It had all started, the investigator recalled, in 1989. A car almost cut Tim Connolly off as he walked along a South Boston sidewalk on a simmering summer day. It screeched up the curb, and Connolly squinted into the sun to see inside. With a rush of adrenaline, he saw Whitey Bulger and Stevie Flemmi glaring out at him. The driver barked to meet Bulger at the Rotary Variety Store and sped away.
Tim Connolly was flummoxed. What’s this? he thought with a gnarled stomach. He got an emphatic answer the second he made his way into the dark storage
room in the back of the variety store. “You fucker,” Bulger screamed at him, pulling a knife from a sheath strapped to his leg.

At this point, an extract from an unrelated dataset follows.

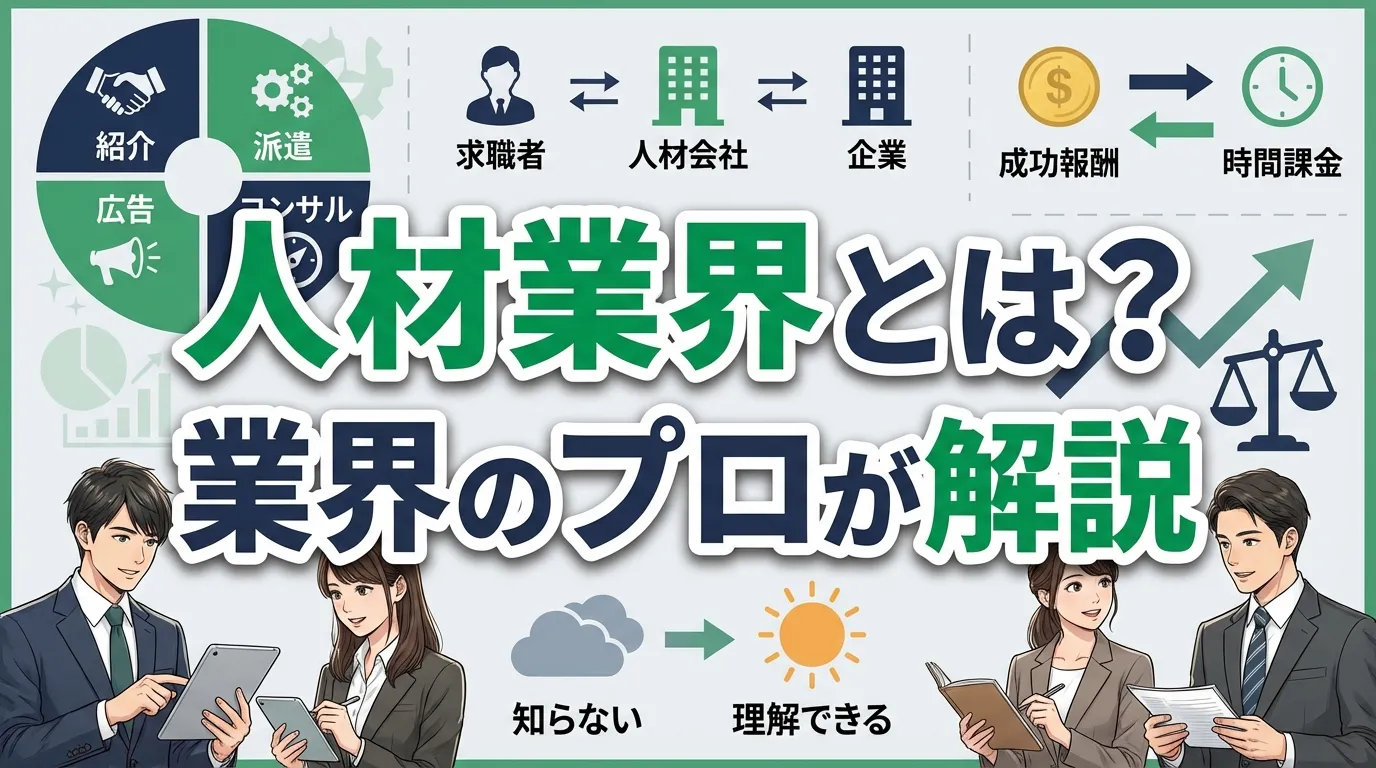 人材業界とは?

Bulger began viciously stabbing empty cardboard boxes stacked against the wall.
Tim Connolly’s hanging offense was that he had taken too much time in arranging financing for someone who owed Bulger money from a busted drug deal. Tim Connolly had simply not moved fast enough.

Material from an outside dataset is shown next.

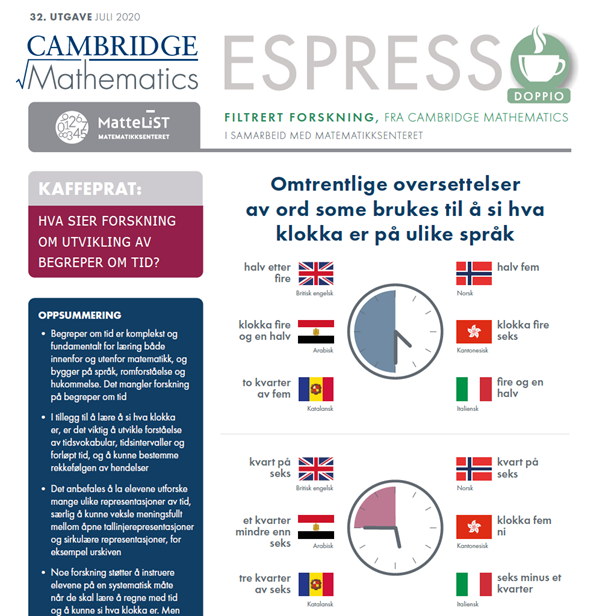 Figur 1: Forsiden til "Begreper om tid".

Holding the knife against Connolly’s throat as Flemmi watched the door, Bulger slowly simmered down. As with similar tirades, Bulger’s fury seemed calculated, another episode in the Bulger production called “A Second Chance.” “I’m going to let you buy your life,” he said. It was the classic Bulger scenario and price all over again—$50,000 and how-you-get-it-is-your-problem. Once again a terrified victim was thankful to be paying Whitey for not killing him.
Tim Connolly pleaded for some time and said he had to go to Florida in the next few days. Bulger set the terms: Twenty-five large before he went, and twenty-five on his return. Tim Connolly borrowed $25,000 and brought it in a paper bag to the store. As he left, an appeased Bulger told him, “You are now our friend.”

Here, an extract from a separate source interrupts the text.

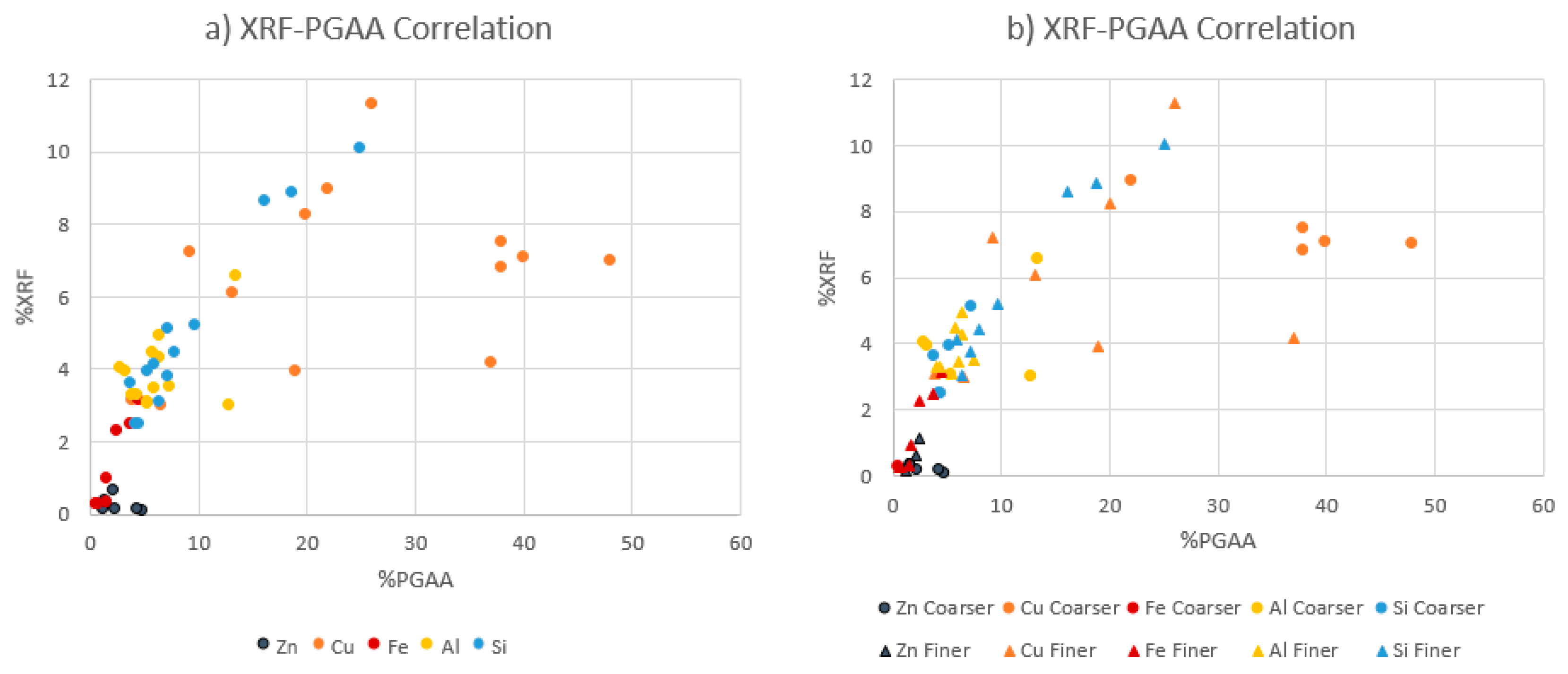 Jcs 03 00054 g001 Jcs 03 00054 g001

When Tim Connolly returned from Florida, he took $10,000 more to the store. But Bulger had no time for him now and motioned him to his associate, Kevin Weeks. After taking the money, Weeks looked up and said, “Where’s the rest?” Coming, Connolly said wearily. Coming.
But in fact Tim Connolly was going. Desperate to get away from a killer debt, he began talking with a lawyer who could get him to federal prosecutors. Like Brian Halloran, he was looking for a safe haven. But the bloody history showed that nothing involving Whitey Bulger was simple or easy.
Within a matter of weeks Tim Connolly was swept up again, this time on the other side of the line. The DEA and Boston police were wrapping up their investigation into South Boston and Tim Connolly was subpoenaed to talk about a second mortgage he arranged for one of Bulger’s dealers.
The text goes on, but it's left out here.